I’ve come to see the work that I do, from the very beginning, as being invested in amplifying and expanding the stories that are told, looking away from the center to the margins, and building bridges between different communities. This is as true to the work that I’ve done in graphic design and publishing as it is to earlier work I undertook in libraries and archives. I’m attracted to hybridity and countering binary approaches and thinking. Especially as I’ve gotten older, I’ve realized there’s a certain resonance between these abstract conceptual themes, my interest in plurality and multidisciplinary practice and my identity as a bi-racial woman.

Can you talk more about these ideas around plural histories?


There’s a way of thinking about history as one linear strand, a sort of singular and objective chronicle of events. When I read this type of history or hear it referred to or sense it in the way people might refer to the past as a sort of impersonal progression of events, I’m struck by the way personal experience has been leached away. I think about all of the voices that have been lost. 

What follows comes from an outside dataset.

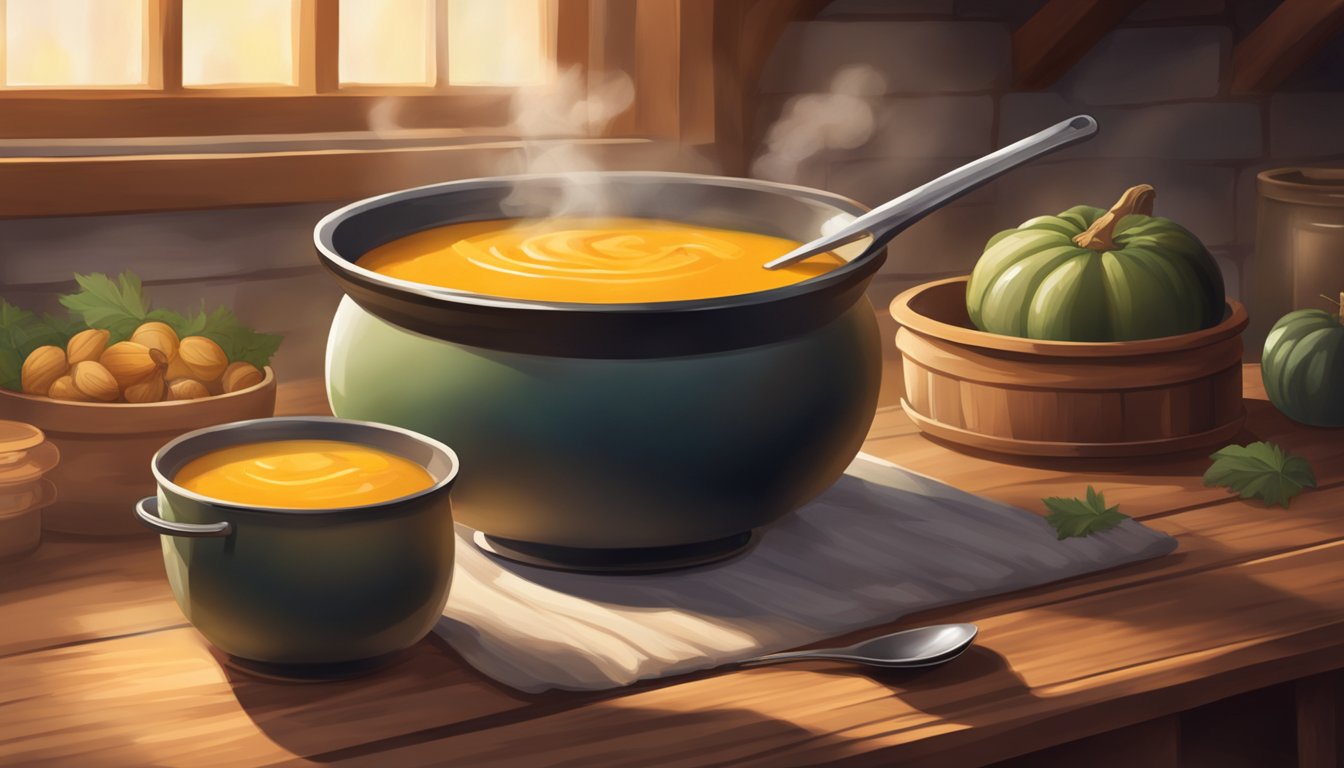 A steaming bowl of acorn squash soup sits on a rustic wooden table next to a pot and ladle. A cozy kitchen with warm lighting in the background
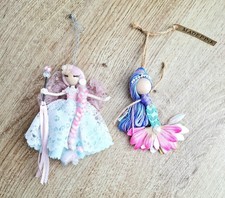 Beautiful handmade Wooden Peg Doll Fairy and Mermaid NEW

Because of the way history has been traditionally structured and taught, I’m also keenly aware of how it can seem like a one-way communication to students, something they might not find entirely relevant. So I find efforts to widen the narrative—to build in a capacity for voices that haven’t always been heard or recognized—incredibly encouraging. Looking at and creating space for this multiplicity of perspective, a project that de-centers singular authority—that literally flattens and rolls over it—these are ideas that have been really important to me, especially in my teaching. I’m interested in projects that allow students to connect the past with the present but also look to the future.

Towards these wider narratives, what are you publishing right now? What conversations are you excited about?

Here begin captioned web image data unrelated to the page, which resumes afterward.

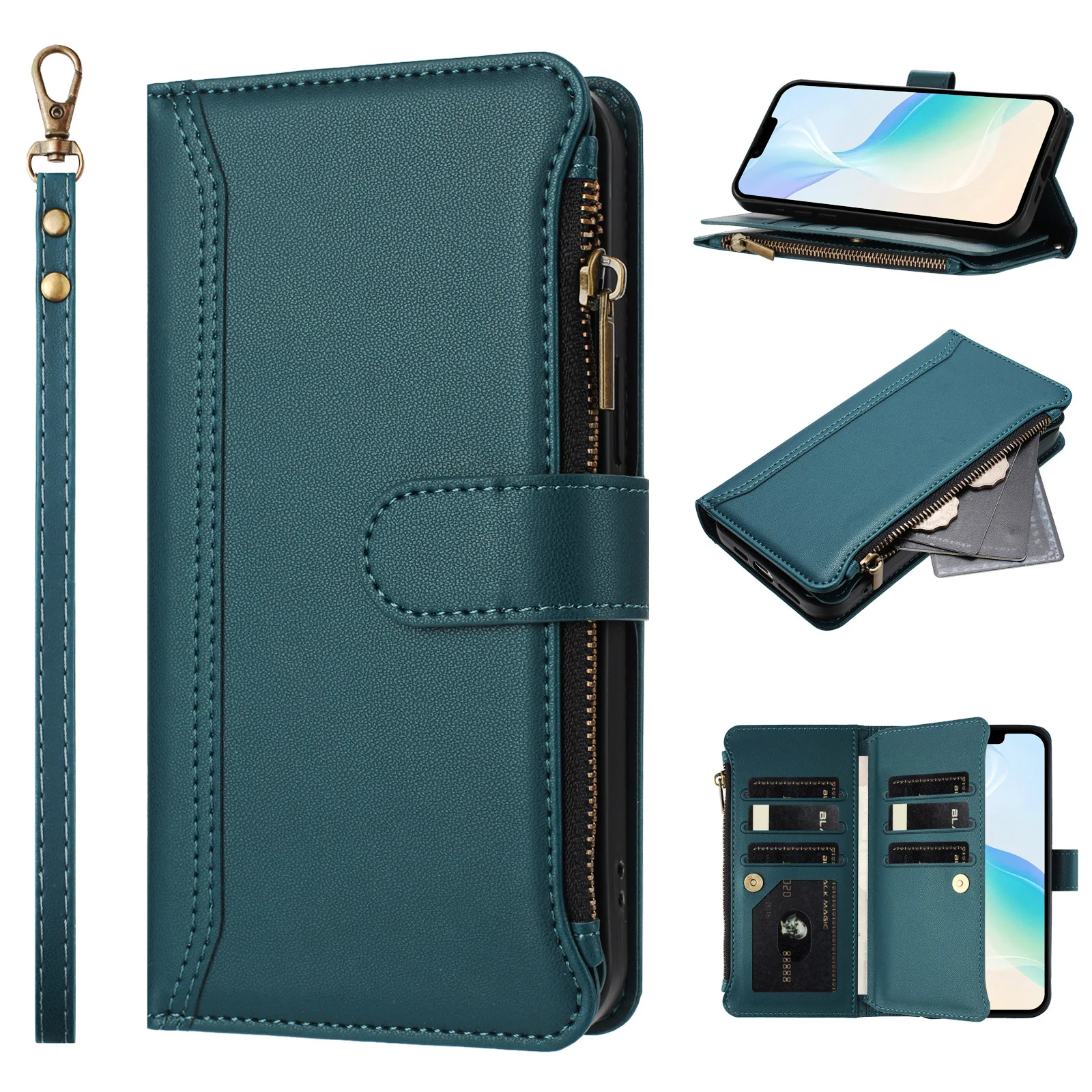 

Lanyard Multi 9 Cards Leather Phone Case For Motorola Moto Edge 60 Stylus 50 Ultra 40 Pro 30 Fusion Plus 2023 Wallet Flip Cover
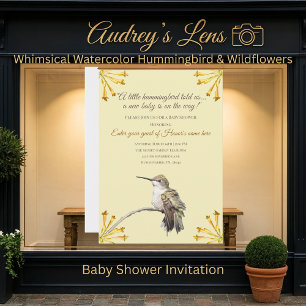 Süße kleine Kolibri-Blumengarten-Baby-Party Einladung
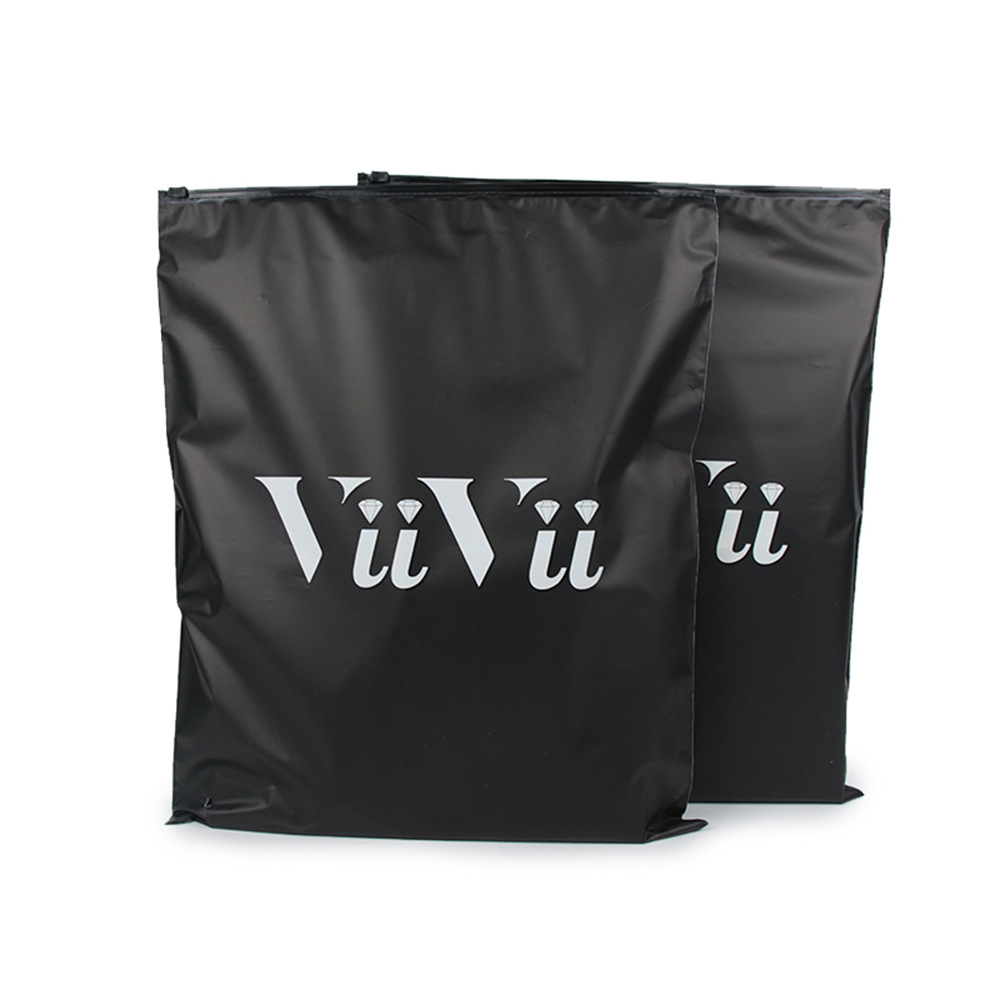 Frosted Zipper Bag Custom Printed Logo Cpe Thickeneded Black Frosted Zipper Bag Matte Zipper Bag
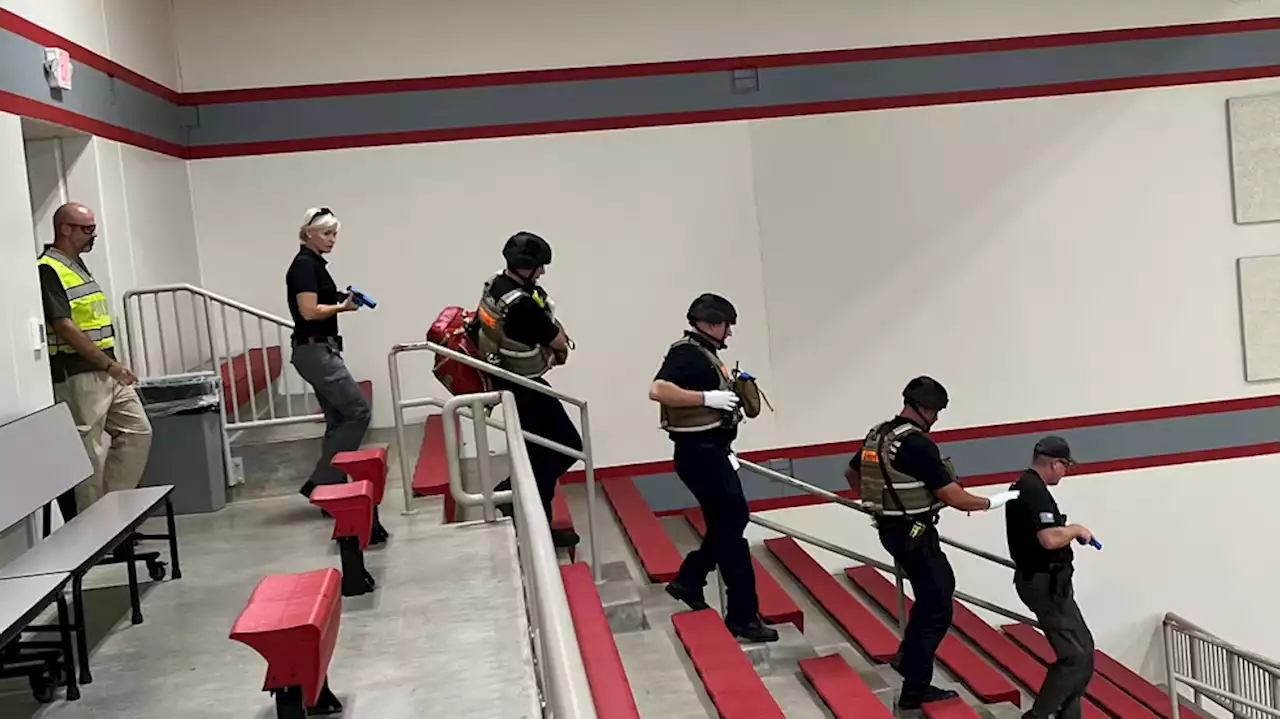 Annual active shooter training held at Bee Cave Middle School by multiple law enforcement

Draw Down has a number of projects on the horizon. We’re just about to release a publication that features all of the posters that we designed for Draw Down activities over the past eight years, “
I Got Something to Say — Poster Inventory, 2013–2021.” Christopher and I were originally drawn to artist book fairs because of the great community. The publishers, artists, and designers had the same love of print and passion for making books that we share with each other. As time has gone by, we’ve also realized that so many of the spaces, events, and organizations that are celebrated by the posters we created (given away for free at various fairs and events that Draw Down participated in, and meant to gift visitors with a printed memento they could hang up or pass on or even recycle) are no longer around. Getting back to that idea of ephemerality, we’ve enjoyed how the posters we created circulated in unexpected ways, eventually going out of print; as well as how they map our activities, and ultimately create an idiosyncratic frame of the artist book publishing world. We’re hoping this release, like our previous works Is the Internet Down? and these posters are fireworks: graphic design on display, ends up bringing together an array of collaborators.

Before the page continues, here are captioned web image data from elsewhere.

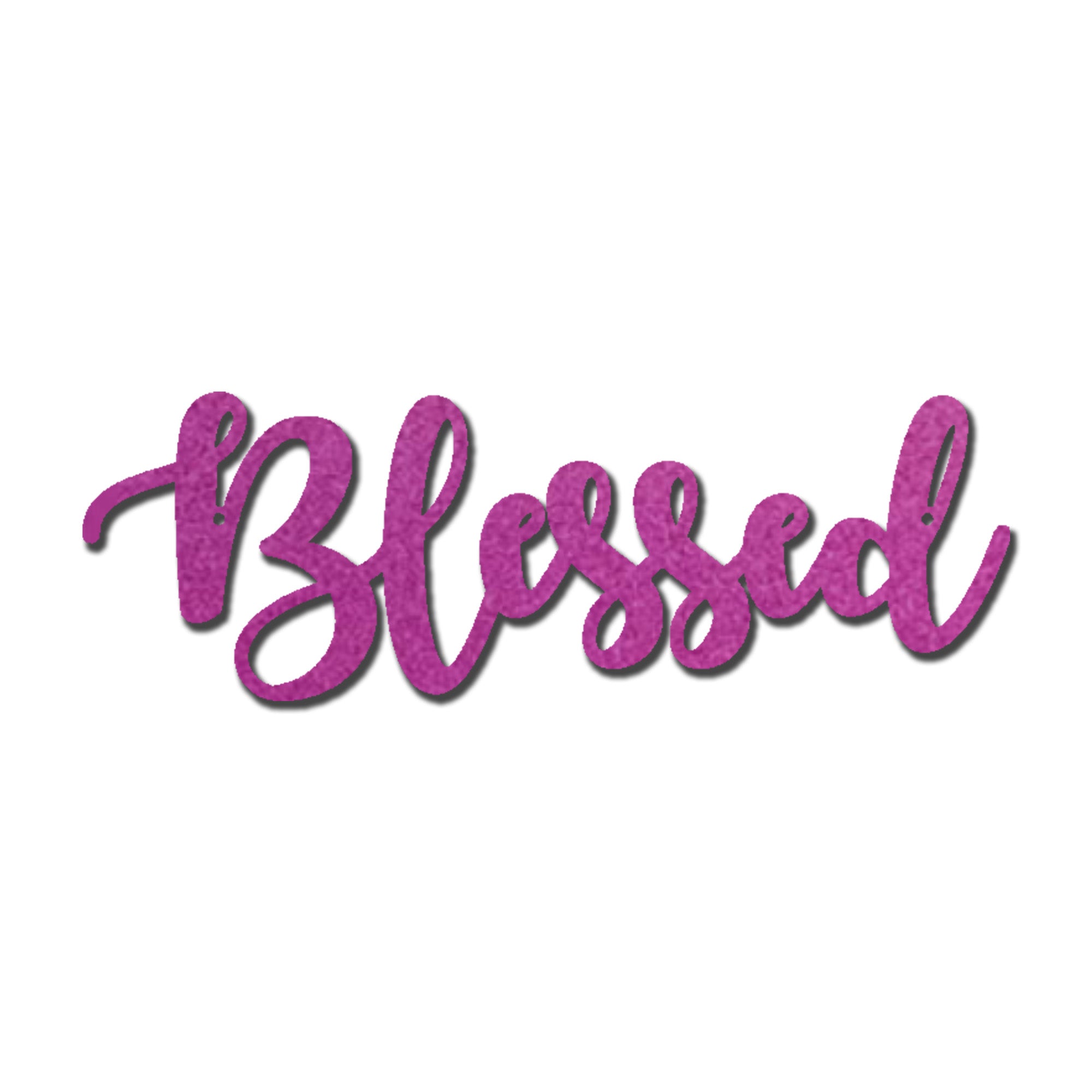 Blessed Script Metal Wall Art Sign – Christian Inspirational Word Decor – Farmhouse Faith Wall Decor – Religious Home Decoration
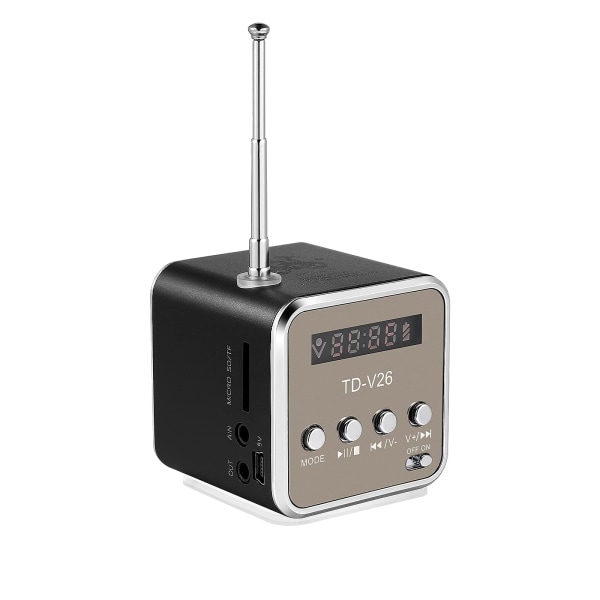 Minihögtalare Digital Bärbar Musik MP3/4-spelare， Micro SD/TF USB -högtalare FM-radio Mini Digital Display Skärmhögtalare Musikspelare a3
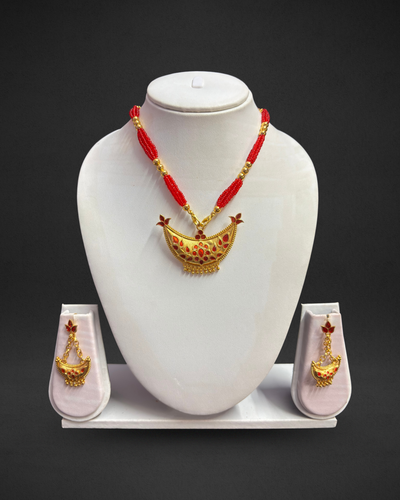 Assamese Traditional Red-Gold Joonbiri Necklace & Earring Set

We’re also really thrilled to be in talks with designer Zhongkai Li for an exhibition of Newly Formed work at a gallery space he’s launched in Shanghai, China, called IS A GALLERY. The gallery is located in the Jing’an District, inside the Shanghai Printing Technology Research Institute. Kai told us that the area occupies an important place in Chinese graphic design history, that it’s considered the birthplace of modern Chinese fonts and was the location of one of the first type foundries in China. IS A GALLERY has four rotations, or seasons, each year and we’ll be occupying a rotation that’s focused on education. The exhibition, “ZZZZZZZZZZZ: Excavating Form in Educational Spaces”, is scheduled to open in June 2021 and will feature graphic explorations by current Newly Formed students. There are plans for related talks and programming as well as a printed catalog, so we’re very excited to see where this trans-Pacific collaboration leads.